DuChene honored as OPD’s Officer of the Year
Sgt. Tracy DuChene and his wife Shannon listen as Owatonna Police Chief Jeff Mundale highlights DuChene’s career during a recognition banquet honoring him as the Police Officer of the Year. The award is given each year by the Moonlighter’s Exchange Club of Owatonna. Staff photo by Kay Fate
As speaker after speaker added to the list of accomplishments for Sgt. Tracy DuChene, it was easy to see why the Medford native was chosen as Owatonna’s Police Officer of the Year by the Moonlighter’s Exchange Club.
“Tracy DuChene is a selfless officer,” said Jeff Elstad, superintendent of the Owatonna School District, who gave the keynote address. “When Community Pathways needs a hand, Tracy’s there to say, ‘Hey, I’ll take over. We’ll do this thing, and we’re going to move food. We’re going to get people what they need.’
“I have 5,000 students in the Owatonna public schools that I wish could hear that story every day, because some of those students take part in that program,” he said, referring to the organization that provides food, clothing, and other services to people in need within Steele County.
“But mostly, they need to understand what it means to give back to the community, like Officer DuChene does,” Elstad said.

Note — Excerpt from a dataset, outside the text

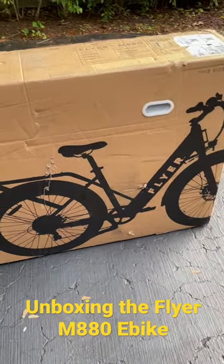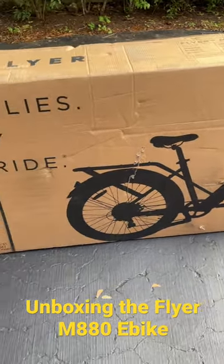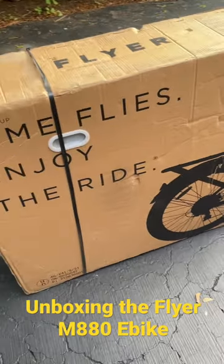The cargo e-bike has arrived — from the Flyer with a Red Wagon Company.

“So the school superintendent is going to come tell you about the great system we have as an educator, but the products we have are sitting right in front of you,” he said, after noting that he recognized some of the Owatonna Police officers from their visits to his office when he was assistant principal at OHS.

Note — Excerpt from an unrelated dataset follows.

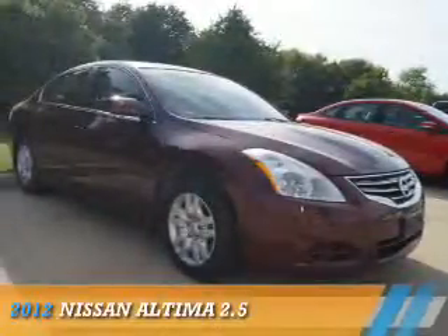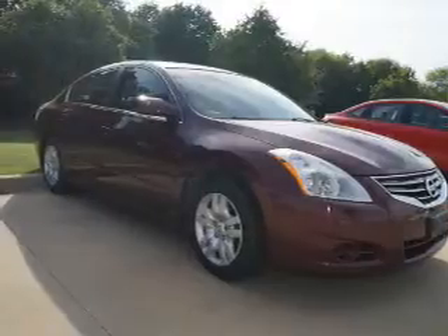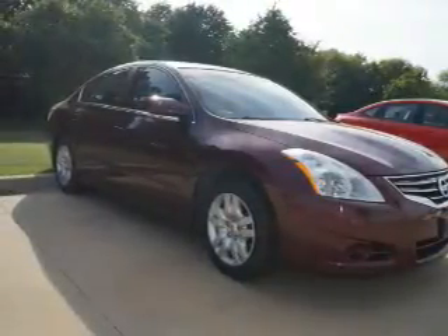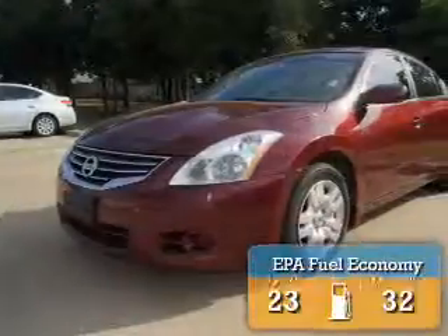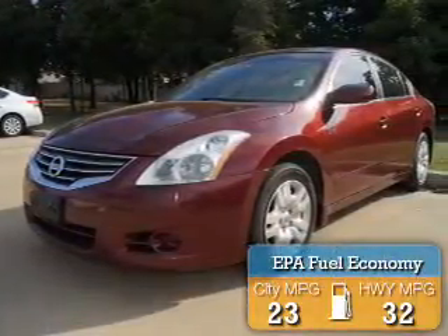Presenting the 2012 Nissan Altima. It's powered by front wheel drive, a 2.5 liter 4 cylinder engine, and a continuously variable transmission. Great fuel efficiency saves you money by requiring fewer trips to the gas station.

“The people that serve our community selflessly on the police force are truly the products of not only the education system but are the products of great parents in this community,” Elstad said. “Successful communities truly lean into the word ‘service.’ It’s not just about police force service, or school district service – it’s about everybody in the community recognizing that somehow, some way, they need to give back.”
DuChene gives back often during the hunting and trapping season, his boss joked.
“He brings crock pots filled with tasty treats and unknown meats,” said Chief Jeff Mundale. “Before the first bite, somebody will always have to ask, what is it?”
But mostly, he said, DuChene is “a steady and reliable supervisor and peace officer.”
His job as field training officer supervisor “can be a very demanding job and a big commitment, both on and off duty.”
“This administration has the utmost trust and confidence in Sgt. DuChene to develop and recommend officers for patrol,” Mundale continued. “He is a selfless leader and puts the interests of others first.”
The chief appeared to become a bit emotional as he thanked DuChene for building “high morale and a team spirit at the Owatonna Police Department. When I think of grace, I picture Sgt. DuChene, and I’m thankful for him and how he’s touched and supported each of us in so many ways. We’re proud of you, Tracy.”
The guest of honor had the least to say, after asking his coworkers from OPD to stand.
“I don’t want to sound like a broken record,” DuChene said, “but this is the finest. These are the top officers you guys could ever imagine, and I’m proud to be part of it.”
He recounted asking then-Police Chief Gene Fisher for a part-time job in 2000; he was hired full time in 2005 and promoted to patrol sergeant in 2011. DuChene has received many service awards and commendations, including a life-saving award in 2005 and four Class D awards for “outstanding performance under difficult circumstances.”
“It’s stuff like this that makes the job worthwhile,” DuChene said of the honor. “We don’t get thanked very often. We get called upon in people’s worst times in their life, usually, so this is outstanding.”